Just started with stock wide enough that I had plenty of room to get to desired finished width.
Just a bit quicker and easier.


----------



## m1911 (Feb 24, 2009)

mnld said:


> Or an inlay on a wood floor?


Many years ago i did one of those "custom" floor inlays, but not intentionally... :laughing:


----------



## Xtrememtnbiker (Jun 9, 2013)

BlueRidgeGreen said:


> I used the 55 on that scribe a couple days ago.
> 
> 
> 
> ...



That looks nice.


----------



## Johnny_5 (Apr 24, 2014)

Used it today to cut some drywall for a bathroom remodel. Works fantastic! Much less waste, every cut edge is as good or better than the factory edges. Keeps the work area nice and clean too! :thumbsup:


----------



## mnld (Jun 4, 2013)

Johnny_5 said:


> Used it today to cut some drywall for a bathroom remodel. Works fantastic! Much less waste, every cut edge is as good or better than the factory edges. Keeps the work area nice and clean too! :thumbsup:


A track saw for cutting drywall?? I'll bet the drywall was honored. That's kinda like pulling a manure spreader with a caddie!!


----------



## Leo G (May 12, 2005)

Johnny_5 said:


> Used it today to cut some drywall for a bathroom remodel. Works fantastic! Much less waste, every cut edge is as good or better than the factory edges. Keeps the work area nice and clean too! :thumbsup:


gak!! Poor blade.


----------



## m1911 (Feb 24, 2009)

Leo G said:


> gak!! Poor blade.


Could be worse, could be cutting cement siding with it! :laughing:


----------



## Leo G (May 12, 2005)




----------



## CarpenterSFO (Dec 12, 2012)

Leo G said:


>


Why not?
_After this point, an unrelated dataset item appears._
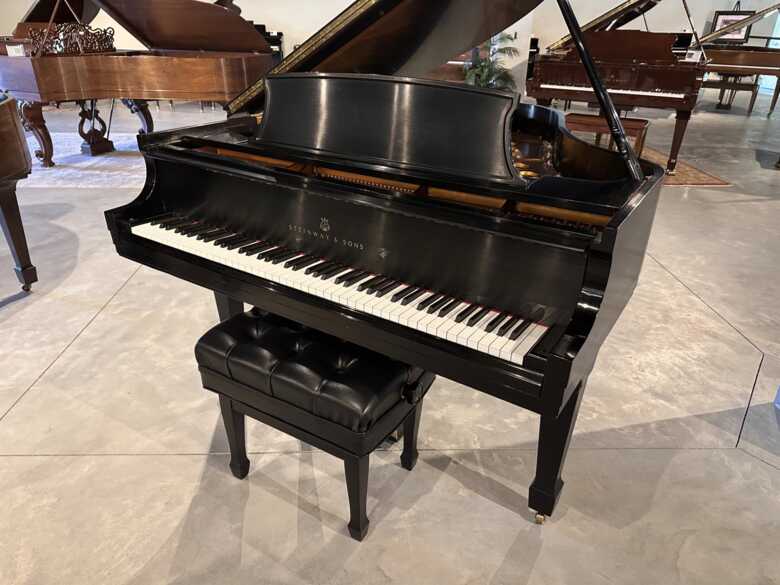 Steinway & Sons Model M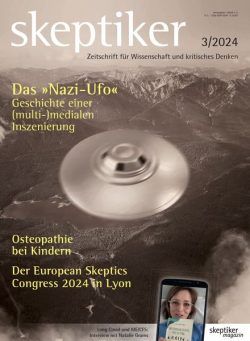 Skeptiker – Nr 3 2024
I'm not careless with my TS55, but if I have a blade that does it, I will cut it.


----------



## Leo G (May 12, 2005)

I'm thinking bearings.


----------



## CarpenterSFO (Dec 12, 2012)

Leo G said:


> I'm thinking bearings.


Not an issue so far - probably some magical sealed bearings or something, and the dust collection works well on c.b.


----------



## m1911 (Feb 24, 2009)

My track saw doesn't touch antthing but wood, MDF is bad enough...


----------



## Tom M (Jan 3, 2007)

Tom uses his for cement board quite often I think. I forget the blade but I dont recall ever hearing him say he burnt out a saw soing it.


----------



## Xtrememtnbiker (Jun 9, 2013)

He uses a CMT blade for cement board. Also cuts drywall with it sometimes. And plaster.
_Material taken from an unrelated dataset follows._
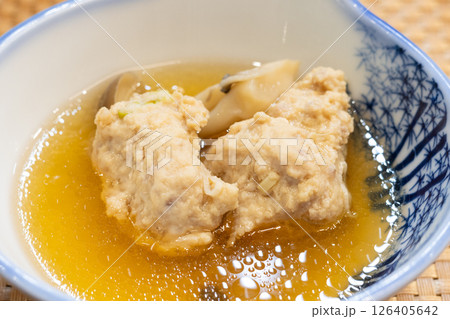 おいしい鶏つみれ おいしい鶏つみれ 126405642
I haven't cut anything but wood and MDF yet. But based on Tom's experience I would have no proven doing it.


----------



## The Coastal Craftsman (Jun 29, 2009)

I have cut cement board and drywall on me me a bunch. I also have the CMT blade. Dust ain't really a issue as 90% of it gets sucked up on most cuts.


----------



## Tom M (Jan 3, 2007)

So the CMT blade has trhe same arbor diameter?


----------



## WarnerConstInc. (Jan 30, 2008)

That motor is sealed up, lots of guys use it to cut drywall.


----------



## Xtrememtnbiker (Jun 9, 2013)

Tom M said:


> So the CMT blade has trhe same arbor diameter?



Yes. 20mm.

http://www.tool-home.com/products/catalog/product_info.php/products_id/25164


----------



## overanalyze (Dec 28, 2010)

I used ours to cut drywall before. We were drywalling a 3 hour fire wall. 3 layers of 5/8 on each side. When it came to the last row and the 2' offest rows we could cut 3-4 at once.


----------